Looking at the structure, due to the nature of using key value with serial, would it be possible to have some process that could run externally and remove changelog entries for serials that no longer exist?
Or would it somehow be possible to trim the amount of changelog entries?
Yes, but ...
- I haven't tested it at all
- you can't replicate anymore (it might be possible to work around that with some code changes)
- it might be better to do an export/import cycle, which can be tested upfront, is the official way, there will be downtime (which can be minimized)
If you decide to remove old data, I would first try to empty the binary data cell, instead of deleting the whole db row.
- I will make a backup
- We currently don't use replication and have no plans to do so in the future, but good to know
- Will take that under advisement
Thanks!
Any results?
Nope, I've just been letting it grow instead. I haven't had time to run through it and its an integral part of our build system that is in use pretty much 24/7.
https://mail.python.org/mm3/archives/list/[email protected]/thread/VLFAGR4PS3TVFCU6EM4B5RB3NCH2GSVT/
With server 4.7..0 deleting from a mirror is supported. This only reduces the usage for mirrored files though, not the database size.
Depending on your use case of devpi this PR might help: #674
It adds mirror_use_external_urls which removes the file caching by just serving the original URL. It will still store each installed project and any changes for now. I might expand on that PR later, not sure yet.

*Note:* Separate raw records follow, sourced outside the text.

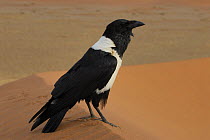 Pied crow {Corvus albus} in the Sossusvlei dunes, Namib Naukluft NP, Namib desert, Namibia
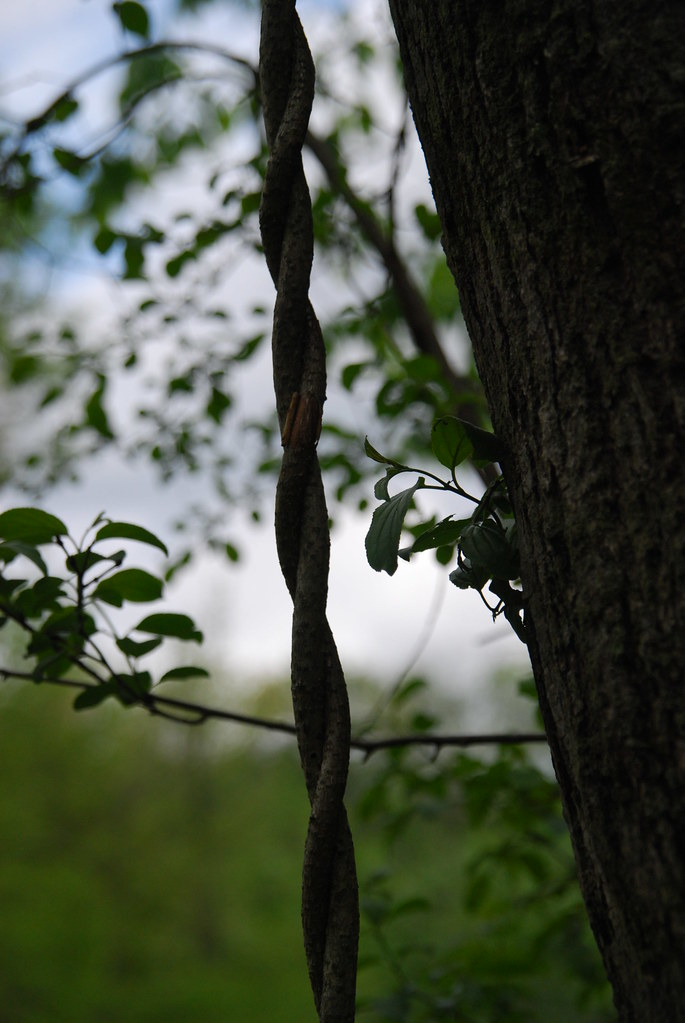 Waterfall Glen 070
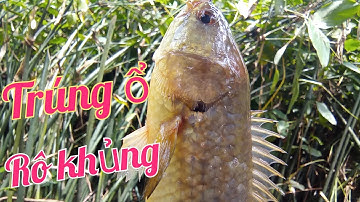#câucárô đồng, trúng ổ cá rô khủng trong bụi lùn lâu năm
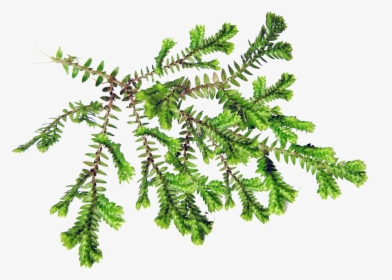 Leaf, Fern, Plant, Foliage - Background Daun Pakis Png, Transparent Png, Transparent PNG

In regard to database size, I have plans to change the structure to be actually relational but still with serials. That is a bigger refactoring though and there is no funding for it (yet).
A vacuum tool might still be easier in the short term.
With postgresql backend, files are also stored in the database. At least here, it would be quite useful to have an option to remove cached files after they have not be downloaded for x days. Usually users are only interested in the latest versions of a package. For packages which often receive updates, the cache grows and grows containing a lot of files that are no longer used.
@rettenbs we can't trivially store last access times, so automatic cache cleanup is currently not possible. Do you need the local cache? If not, then set the mirror_use_external_urls on the mirror index to true.
Yes, we need the cache. Some of our clients do not have internet access.
For a standalone server it should not be too difficult to track the last access. For replica it is probably not easy. Maybe each server stores its own last access time and cleans the cache depending on that time. It is not ideal but as long as it is configurable it is a tradeoff between storage and bandwidth.
On the other hand I am not sure what the common use case for devpi is and whether this is useful for anybody else.